Building File Titles Dictionary

In real-world search engines, we often want to store additional information about each file while we are processing it in order to use this information later when we want to display search results. For example, for web pages, we might store the title of the page. For news articles, we might store the headline of the article. In the news article data we provide in this assignment, the first line of each file is a title for the article in that file, which we want to store for future reference. Here is an example of the first portion of two of the actual files (named 001.txt and 002.txt, respectively) in the BBC News article data that we provide for you in the assignment:

001.txt

Broadband steams ahead in the US 
More and more Americans are joining the internet's fast lane, according to official figures.
...

002.txt

EA to take on film and TV giants
Video game giant Electronic Arts (EA) says it wants to become the biggest entertainment firm in the world. 
...

When we are process each file to build up the index, we also want to add an entry to the dictionary file_titles to keep track of the title for each file. Recall that the title is simply the first line of the file (with the "newline" character at the end of the line removed). To read the first line of the file, you can use readline as follows, and then loop through the remaining lines as usual:

with open(filename) as f:
    first_line = f.readline() # stores first line of file in first_line
    for line in f: # loops over remaining lines of file
        # Your awesome code here

We store this information in file_titles, where the filename (string) is the key and the article's title (string) is the value for an entry in the dictionary.

So, if we started with file_titles as an empty dictionary (which is the case when your create_index function is called), after we process the files 001.txt and 002.txt, the file_titles dictionary should look as follows:

{
    "001.txt": "Broadband steams ahead in the US",
    "002.txt": "EA to take on film and TV giants"
}

Important note: the terms in the title line for each file should still be included in the index (along with the rest of the document). A common issue is to forget to add the terms from the title line to the index.

Doctests for the create_index function are provided for you to test your function. Feel free to write additional doctests. Also, you should definitely write additional helper functions that will help you decompose your solution to this problem.

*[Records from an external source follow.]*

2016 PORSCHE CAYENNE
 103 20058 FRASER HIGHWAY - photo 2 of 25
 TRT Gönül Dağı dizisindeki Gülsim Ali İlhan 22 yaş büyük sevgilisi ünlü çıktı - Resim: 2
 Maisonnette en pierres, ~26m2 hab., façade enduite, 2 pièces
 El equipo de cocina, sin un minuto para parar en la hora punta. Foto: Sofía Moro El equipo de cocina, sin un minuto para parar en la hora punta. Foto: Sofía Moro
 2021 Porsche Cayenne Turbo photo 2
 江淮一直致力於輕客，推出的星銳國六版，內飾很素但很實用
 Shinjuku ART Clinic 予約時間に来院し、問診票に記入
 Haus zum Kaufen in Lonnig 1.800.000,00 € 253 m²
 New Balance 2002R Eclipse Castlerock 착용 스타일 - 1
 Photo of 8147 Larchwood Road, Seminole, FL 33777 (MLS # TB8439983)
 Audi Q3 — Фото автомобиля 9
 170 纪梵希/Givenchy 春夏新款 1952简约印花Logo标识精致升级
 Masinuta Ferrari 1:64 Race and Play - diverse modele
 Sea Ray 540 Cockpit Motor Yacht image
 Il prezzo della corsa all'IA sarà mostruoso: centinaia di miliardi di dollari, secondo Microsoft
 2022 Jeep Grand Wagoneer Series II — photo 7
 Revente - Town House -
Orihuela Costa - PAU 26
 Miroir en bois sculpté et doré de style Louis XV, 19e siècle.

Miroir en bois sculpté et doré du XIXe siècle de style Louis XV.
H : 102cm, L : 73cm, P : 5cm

Running Your create_index Function

You can run your create_index function by running the searchengine.py program and specifying the directory (folder) name for a set of text files that you would like to index. We provide two such data sets for you to test your code. The first is in a directory named small, which includes three very short text files, making the size of the resulting index manageable to inspect manually. You can run your program with the small dataset in the terminal using this command (on Windows, use python or py instead of python3):

python3 searchengine.py small

In the searchengine.py program, we provide a main function that calls your create_index function and prints the resulting index and file_titles dictionaries in the terminal. The output printed by the program for the small dataset should look as shown below. (Note that the output below is produced on a Mac, where file paths use the forward-slash character: "/". On a PC, you would see a double backslash "\\" in the file paths instead of a forward-slash).

Index:
{"file3": ["small/3.txt"], "title": ["small/3.txt", "small/2.txt", "small/1.txt"], "apple": ["small/3.txt", "small/2.txt", "small/1.txt"], "ball": ["small/3.txt", "small/1.txt"], "carrot": ["small/3.txt", "small/2.txt"], "gerbil": ["small/3.txt"], "hamster": ["small/3.txt"], "iguana": ["small/3.txt"], "lizard": ["small/3.txt"], "file2": ["small/2.txt"], "dog": ["small/2.txt", "small/1.txt"], "file1": ["small/1.txt"], "elephant": ["small/1.txt"], "frog": ["small/1.txt"]}

File names -> document titles:
{"small/3.txt": "** File3 title **", "small/2.txt": "** File2 title **", "small/1.txt": "** File1 title **"}

When you think you've gotten your program working well on the small dataset, you can then try it out on the BBC News article dataset with the following command (on Windows, use python or py instead of python3):

python3 searchengine.py bbcnews

The output produced in that case is too large to verify manually, but running on such a large dataset is a good way to see if you program crashes on any cases that might have been missed with the small dataset.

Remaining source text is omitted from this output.